Super Wolf Moon Total Lunar Eclipse coming!



  • On January 20, North America will have its last total lunar eclipse until 2021. Hereś some more information:
    https://www.nbcnews.com/mach/science/lunar-eclipse-2019-how-watch-super-blood-wolf-moon-ncna954941


  • @Luna-Dara-Kelondra
    Have you ever had a lunar eclipse watch at your school? I would love to do this with my 8th graders in my high interest science class. It looks like it will start about 10:30 pm Eastern time so that means 9:30 here. If it goes to 11:30 that isn't that long. The issues we have would deal with weather. It could be 40 below zero here during that time (which could be totally normal)... or it could be cloudy. I know parents would not want to come pick up their kids, but was thinking of a lock in. The deal with that is it is a Sunday - so we have school the next day. If we wan't view this in person, besides the Internet video clips is there anything else you do with your kids to help them understand this phenomenon?

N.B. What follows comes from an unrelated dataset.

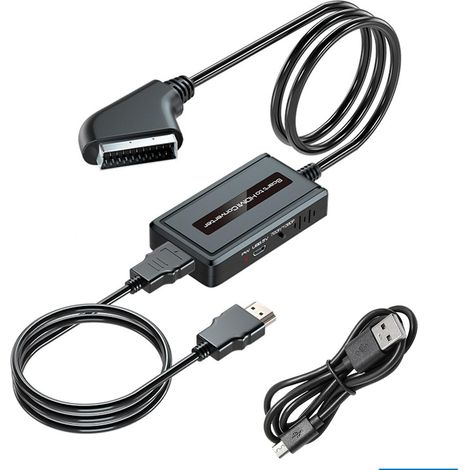 SCART-zu-HDMI-Konverter, HDMI-SCAR-T-Adapter mit HDMI- und SCART-Kabeln, SCART-zu-HDMI-Ausgangskonverter mit Unterstützung für Full HD 720p/1080p-Ausgabeumschaltung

  • @Jeanine-Gelhaus Hi, Jeanine! Actually, I am a public librarian, so I haven't been able to do a lunar eclipse viewing with my kids, but I have done astronomy and eclipse programs and then encouraged them to go to our local science museum (roughly a mile away), where there is almost always a public viewing of anything interesting out on the lawn. The venus transit years ago drew a huge crowd. All the people who came from my program at the library to the museum to see it had a blast. I have taken kids out into a grassy area outside to watch the ISS fly over. You can actually see it with the naked eye! To help them understand the concepts, I will have them act out both types of eclipse. Someone is the sun, others are the moon and Earth. Then we swap out until everyone has had a chance to play one or more roles. It's fun. For 8th graders, I'd challenge them to figure it out first, then go into discussing the concept.